> Instructions to follow
Report how many lines of the following entries include the string "Black"; respond with the number alone.

Top of Supplied records

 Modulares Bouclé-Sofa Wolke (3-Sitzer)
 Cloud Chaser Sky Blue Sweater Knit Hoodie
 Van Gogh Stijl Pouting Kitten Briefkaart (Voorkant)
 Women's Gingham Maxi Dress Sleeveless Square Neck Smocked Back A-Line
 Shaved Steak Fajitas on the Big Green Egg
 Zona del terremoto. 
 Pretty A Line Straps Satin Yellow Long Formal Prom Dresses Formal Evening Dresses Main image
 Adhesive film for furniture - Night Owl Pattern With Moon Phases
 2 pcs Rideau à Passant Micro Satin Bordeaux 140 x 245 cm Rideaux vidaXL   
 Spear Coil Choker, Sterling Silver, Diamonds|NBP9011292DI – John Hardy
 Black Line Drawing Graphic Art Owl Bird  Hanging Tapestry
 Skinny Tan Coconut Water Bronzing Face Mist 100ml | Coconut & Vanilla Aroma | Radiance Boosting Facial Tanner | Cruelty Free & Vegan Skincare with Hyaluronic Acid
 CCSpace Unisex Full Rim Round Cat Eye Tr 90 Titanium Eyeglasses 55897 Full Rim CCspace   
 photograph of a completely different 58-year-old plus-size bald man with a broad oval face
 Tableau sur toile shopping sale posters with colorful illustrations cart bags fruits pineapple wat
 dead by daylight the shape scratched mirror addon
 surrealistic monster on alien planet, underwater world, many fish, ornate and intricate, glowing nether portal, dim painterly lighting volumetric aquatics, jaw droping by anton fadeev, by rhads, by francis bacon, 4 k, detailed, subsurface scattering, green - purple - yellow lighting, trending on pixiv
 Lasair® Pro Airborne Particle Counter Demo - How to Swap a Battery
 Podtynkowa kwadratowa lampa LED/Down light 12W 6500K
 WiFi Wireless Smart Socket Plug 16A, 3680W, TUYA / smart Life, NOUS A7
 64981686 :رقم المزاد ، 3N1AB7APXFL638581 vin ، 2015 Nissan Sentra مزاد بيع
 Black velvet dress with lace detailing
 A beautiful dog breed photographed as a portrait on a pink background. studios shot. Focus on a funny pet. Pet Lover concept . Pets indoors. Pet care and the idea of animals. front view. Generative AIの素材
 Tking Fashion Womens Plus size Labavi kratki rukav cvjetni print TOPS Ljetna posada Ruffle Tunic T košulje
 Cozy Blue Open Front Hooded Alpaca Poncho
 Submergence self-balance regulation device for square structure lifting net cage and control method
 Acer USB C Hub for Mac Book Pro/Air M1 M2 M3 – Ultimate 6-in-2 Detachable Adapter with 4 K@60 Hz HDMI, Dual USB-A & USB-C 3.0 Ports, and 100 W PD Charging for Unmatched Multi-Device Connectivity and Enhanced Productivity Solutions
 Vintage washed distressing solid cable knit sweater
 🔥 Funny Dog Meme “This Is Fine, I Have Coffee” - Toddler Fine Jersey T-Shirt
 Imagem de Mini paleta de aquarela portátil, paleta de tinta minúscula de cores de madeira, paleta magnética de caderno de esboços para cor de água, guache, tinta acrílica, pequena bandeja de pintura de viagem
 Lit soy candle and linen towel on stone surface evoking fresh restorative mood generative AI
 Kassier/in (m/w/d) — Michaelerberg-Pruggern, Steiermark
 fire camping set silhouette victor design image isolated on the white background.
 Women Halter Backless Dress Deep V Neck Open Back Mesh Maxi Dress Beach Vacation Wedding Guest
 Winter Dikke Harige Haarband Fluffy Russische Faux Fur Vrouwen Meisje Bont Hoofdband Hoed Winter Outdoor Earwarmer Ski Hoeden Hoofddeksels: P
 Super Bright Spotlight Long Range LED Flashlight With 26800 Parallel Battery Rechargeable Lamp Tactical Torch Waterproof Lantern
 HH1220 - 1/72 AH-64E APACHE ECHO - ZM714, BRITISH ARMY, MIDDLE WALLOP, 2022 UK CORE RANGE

Bottom of Supplied records

> Answer space
2